(Instructions for the task):
Reproduce, please, the line that holds "夫妻肺片-氿熹干锅•牛蛙•烤鱼(印象城店)" and all later lines through the end of the entries below, exactly; omit pictures.

── Input for this task ──

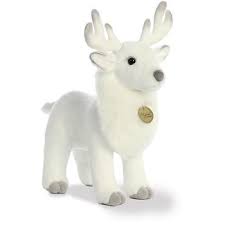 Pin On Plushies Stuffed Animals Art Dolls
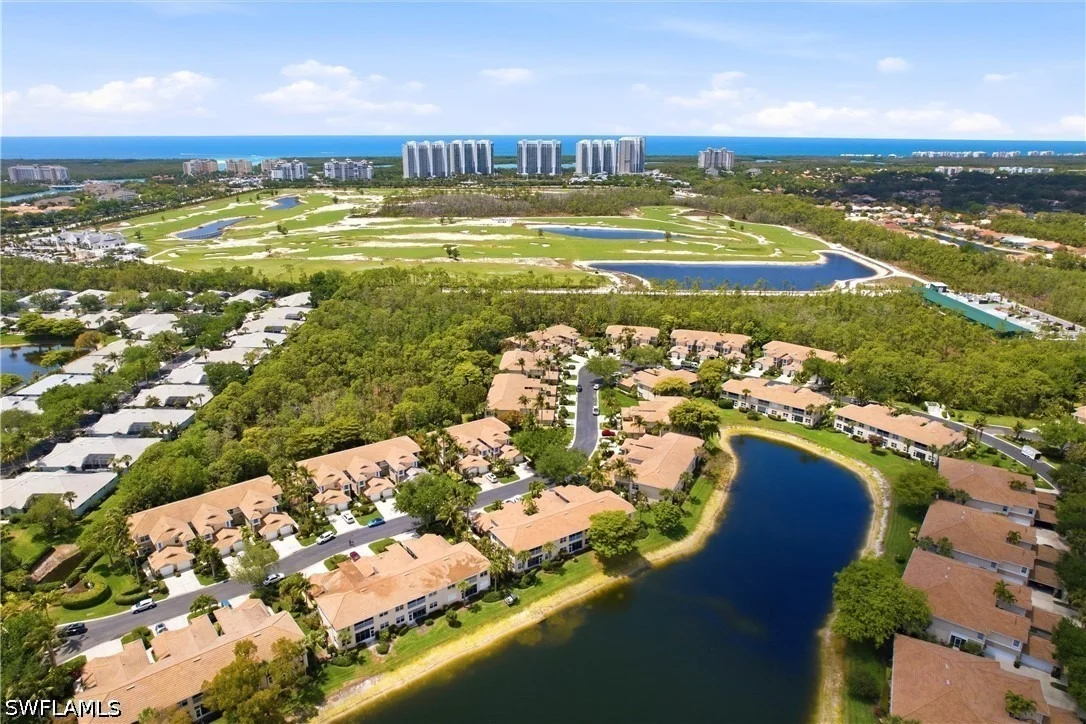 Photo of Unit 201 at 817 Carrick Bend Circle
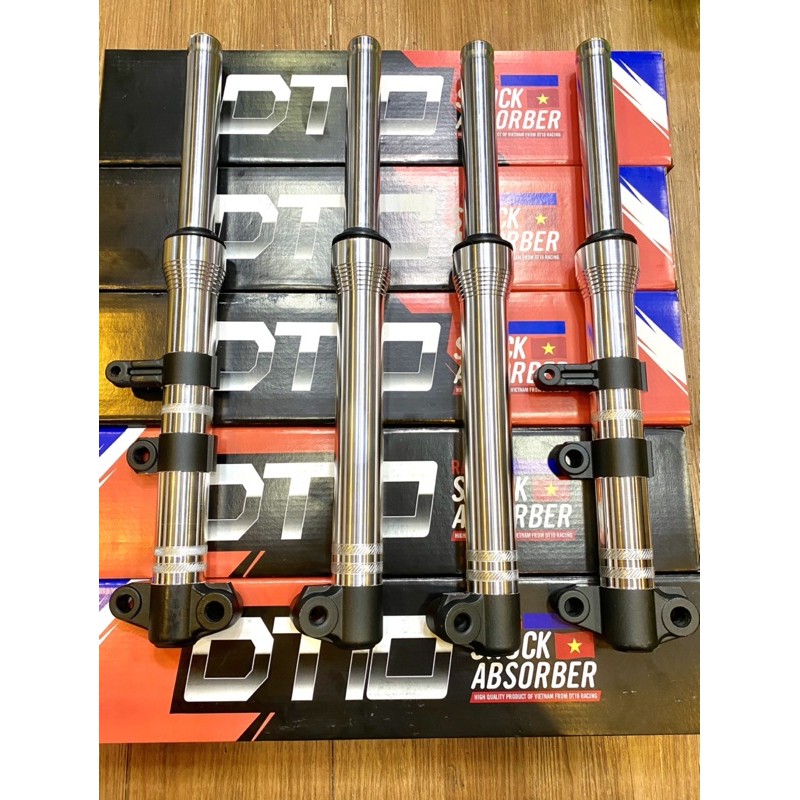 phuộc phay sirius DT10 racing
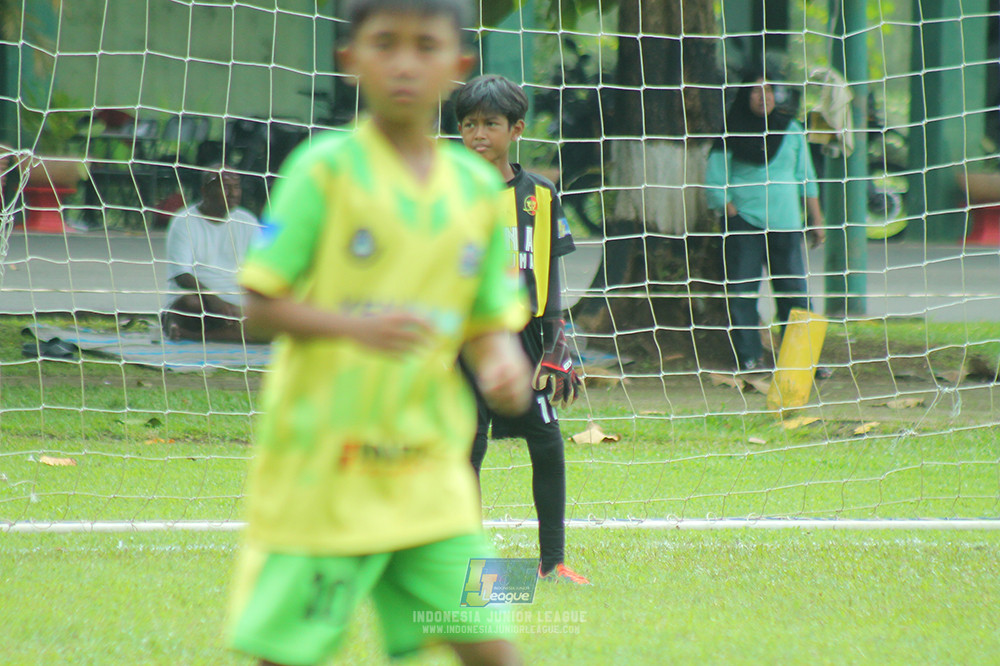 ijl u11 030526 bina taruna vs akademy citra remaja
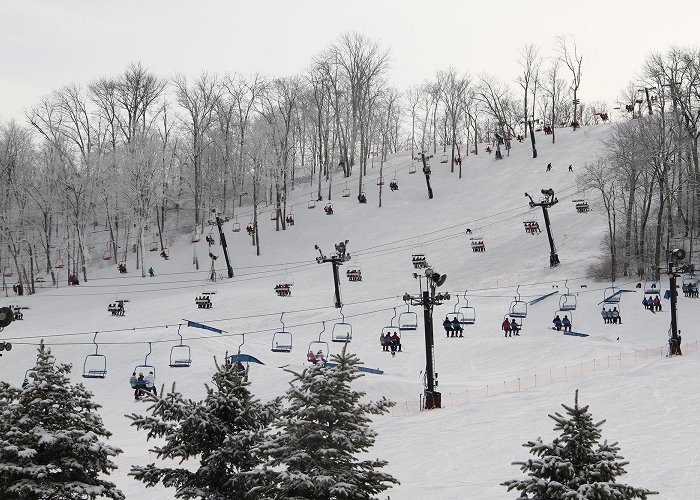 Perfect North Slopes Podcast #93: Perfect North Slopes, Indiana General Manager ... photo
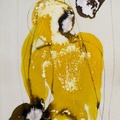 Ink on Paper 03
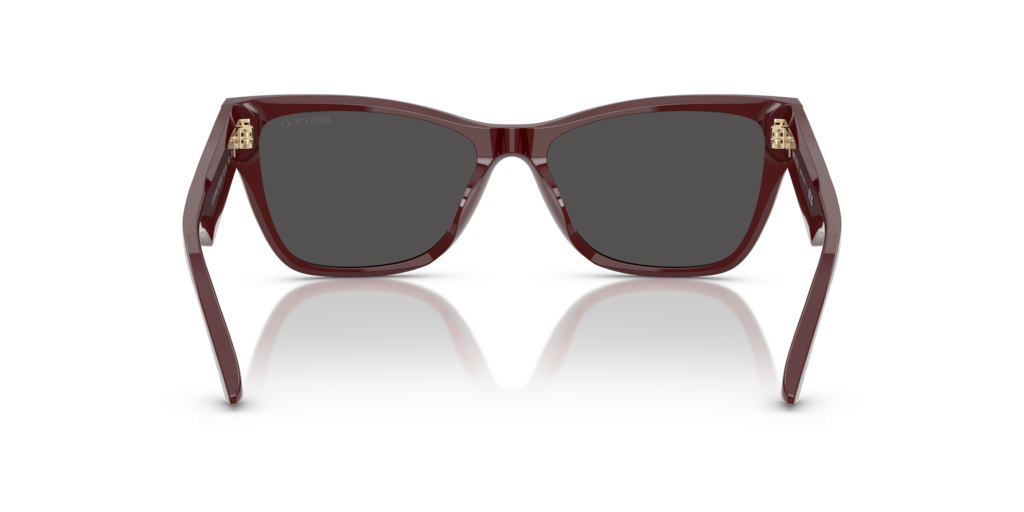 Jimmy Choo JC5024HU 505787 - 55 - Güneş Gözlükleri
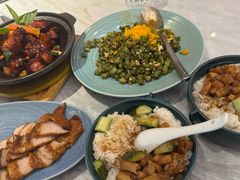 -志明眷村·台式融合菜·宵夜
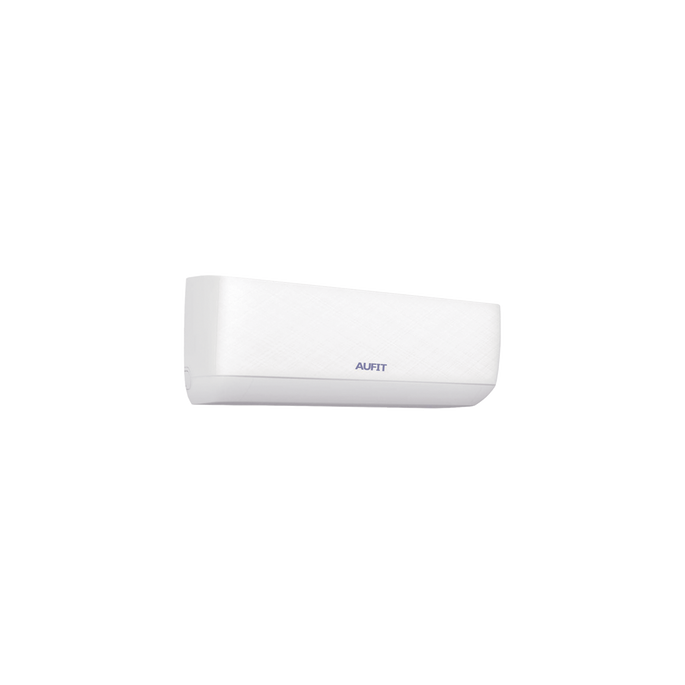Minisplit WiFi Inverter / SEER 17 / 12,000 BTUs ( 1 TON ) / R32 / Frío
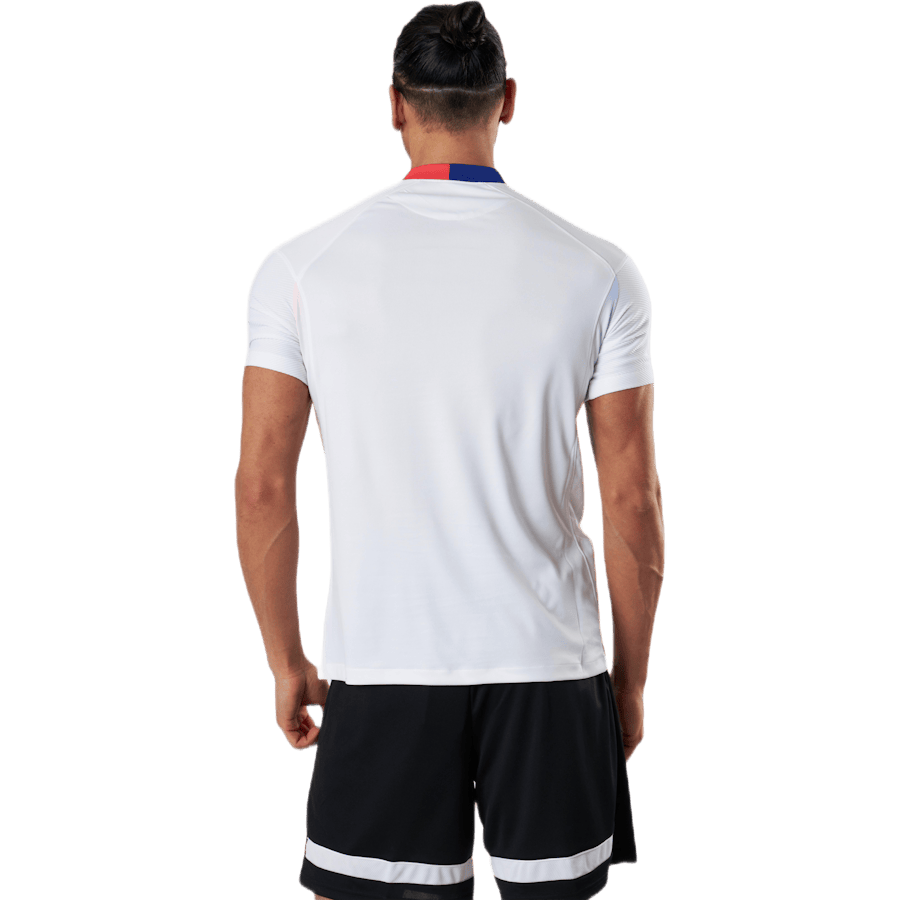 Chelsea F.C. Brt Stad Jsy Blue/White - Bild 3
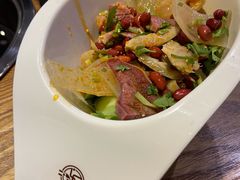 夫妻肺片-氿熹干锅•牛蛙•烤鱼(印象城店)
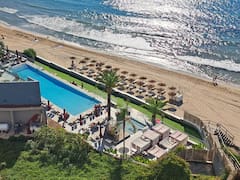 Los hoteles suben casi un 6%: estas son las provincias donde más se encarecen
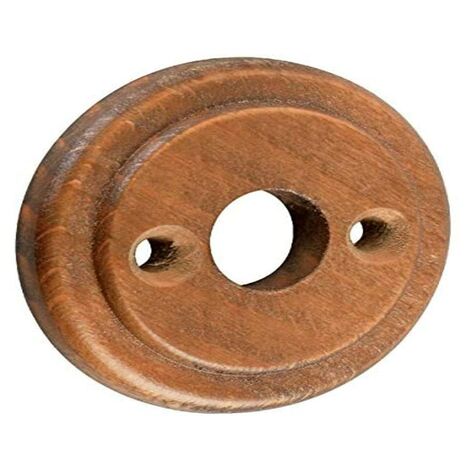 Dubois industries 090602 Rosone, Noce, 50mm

───

(Response below):
 夫妻肺片-氿熹干锅•牛蛙•烤鱼(印象城店)
 Los hoteles suben casi un 6%: estas son las provincias donde más se encarecen
 Dubois industries 090602 Rosone, Noce, 50mm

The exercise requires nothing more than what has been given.